Homélie : Ceci est mon corps, ceci est mon sang… Ces paroles ne pouvaient être dites à la légère, n’importe où, devant n’importe qui. Solennité du Saint Sacrement Le 3 juin 2018

Publié le Publié dans Homélies

Père Przemyslaw KREZEL
Paroisse St Pierre et St Paul
en Val d’Azergues
Diocèse de Lyon

Ceci est mon corps, ceci est mon sang…
Ces paroles ne pouvaient être dites à la légère, n’importe où,
devant n’importe qui.
Homélie pour la solennité du Saint Sacrement
Le 3 juin 2018

Lectures :
Ex 24,3-8 : Toutes ces paroles que le Seigneur a dites, nous les mettrons en pratique.
Hbr 9,11-15 : Frères, le Christ est venu, grand prêtre des biens à venir.

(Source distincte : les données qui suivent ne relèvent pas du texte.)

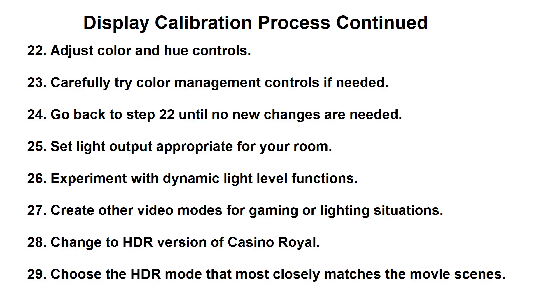Next you'll be adjusting the color settings in the display, and you'll follow that by setting the light output of the display back to something more appropriate for your room or your screen in your projection system. At this point you want to experiment with any dynamic light level settings that may be in the product. When you do this you may have to go back and review various scenes to see how that's working. You may even slightly adjust some settings if the dynamic iris function or dynamic LED function is interfering with things like gamma or brightness settings.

Mes frères et sœurs bienaimés,
Peut-être à midi aurez-vous du monde à la maison.
Peut-être que votre fils, votre fille viendra avec sa famille et les enfants ?
Peut-être qu’une connaissance de longue date sera de passage dans la région et qu’il vous a contacté pour vous faire coucou ?
Peut-être que des collègues de travail viendront chez vous passer leur dimanche en votre compagnie ?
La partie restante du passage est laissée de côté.